"KURIER"-Kommentar von Anneliese Rohrer: "Wenn die Opposition im Wachkoma liegt

Der Bundesrat könnte beim Wahlrechts-Unsinn die Notbremse ziehen.

Wien (OTS) - In einer idealen Welt hätte eine vitale und vereinigte Opposition gegen die Wahlrechts-Reformpläne der Bundesregierung ein derartiges Sperrfeuer eröffnet, dass SPÖ und ÖVP spätestens in der Sitzung des Nationalrats am Dienstag zur Vernunft hätten kommen müssen. In einer idealen Welt wäre ein Antrag auf Rückverweisung in den Ausschuss möglich gewesen.
Die Last der Vernunft hätte auch auf eine Einzelperson abgewälzt werden können, auf Nationalratspräsidentin Barbara Prammer. Sie hätte einen entsprechenden Vorschlag machen können, den die Regierungsparteien mit ihrer Zweidrittel-Mehrheit akzeptieren hätten können. Gründe, die Notbremse zu ziehen, gibt es genug: Die Änderungen sind wenig durchdacht, in sich nicht stimmig und Flickwerk. Befristete Gesetze, wie sie in anderen Materien mit so viel Unsicherheiten möglich sind, taugen hier nichts. Kann sich jemand vorstellen, dass den 16jährigen das Wahlrecht wieder entzogen wird, sobald sich herausstellt: Es hat gute Gründe, warum kein anderes Land in Europa diese Schnapsidee bisher verwirklicht hat. Und wie sollte die Ausdehnung der Legislaturperiode objektiv evaluiert werden?
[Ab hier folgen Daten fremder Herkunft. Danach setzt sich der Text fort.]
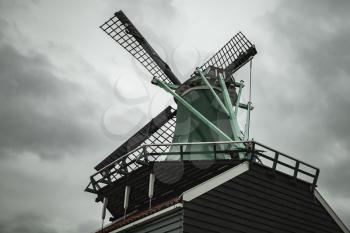 Windmill under dramatic cloudy sky. Zaanse Schans town, popular tourist attractions of the Netherlands. Suburb of Amsterdam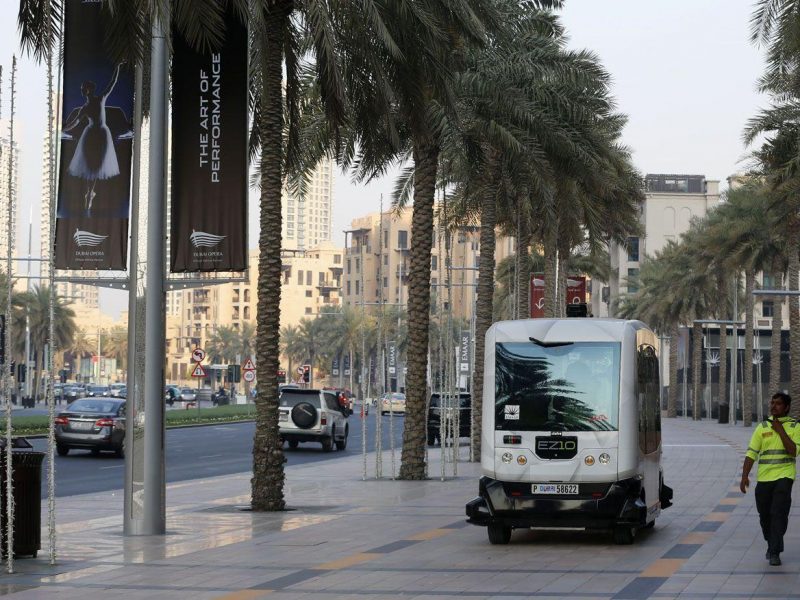 A man walks near an autonomous 10-seater car during a trial run along the Mohammed bin Rashid Boulevard on September 1, 2016. Dubais Roads and Transport Authority (RTA), in collaboration with the UAE real estate development company Emaar Properties, accomplished the first phase of an experiment to test driverless transit technology in the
In der realen österreichischen Welt aber liegt die Opposition seit der Regierungsbildung in einer Art Wachkoma. Einen Tag vor der Beschlussfassung gegen die Pläne zu wettern und sonst auf die eine oder andere Aussendung unter dem Radar der öffentlichen Wahrnehmung zu verweisen, ist reiner oppositioneller Hohn.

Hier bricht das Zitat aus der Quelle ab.